L’attacco fa seguito a un episodio di pochi giorni prima, in cui la Stolt Sagaland, battente bandiera delle Isole Cayman, era stata bersaglio di un presunto assalto pirata. Una petroliera a circa 330 miglia nautiche a sud-est di Mogadiscio (Somalia) ha segnalato l’avvicinamento di una piccola imbarcazione e attacchi aerei, secondo il Somali Guardian, che cita la missione navale UE nella regione, Operazione Atalanta. L’equipaggio è rimasto incolume e la nave è riuscita a sfuggire.

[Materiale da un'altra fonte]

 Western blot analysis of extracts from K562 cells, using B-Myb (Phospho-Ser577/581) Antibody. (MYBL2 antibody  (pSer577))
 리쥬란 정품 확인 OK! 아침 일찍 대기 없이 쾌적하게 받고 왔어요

«Il comandante riferisce che 4 persone non autorizzate hanno tentato di salire a bordo della sua imbarcazione», ha comunicato l’UKMTO.

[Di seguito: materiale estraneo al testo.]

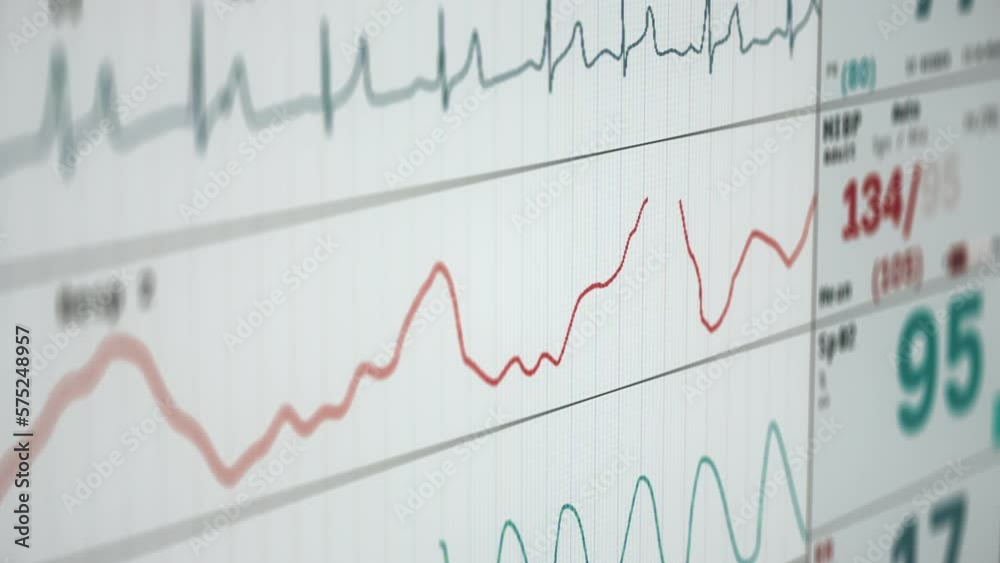 Vidéo Stock Medical monitoring system showing the pulse graph ...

Dal 2008 al 2018 i pirati somali hanno perturbato le principali rotte marittime mondiali, generando caos diffuso. Dopo un periodo di relativa quiete, l’attività pirata è tornata a crescere.
La pirateria al largo della Somalia ha raggiunto l’apice nel 2011 con 237 attacchi registrati, ha riferito un’agenzia di stampa locale. Il gruppo di monitoraggio Oceans Beyond Piracy ha stimato il costo economico globale della pirateria somala quell’anno in circa 7 miliardi di dollari, inclusi circa 160 milioni di dollari in riscatti.
«Si raccomanda alle imbarcazioni di transitare con prudenza e di segnalare qualsiasi attività sospetta all’UKMTO», ha sottolineato l’agenzia.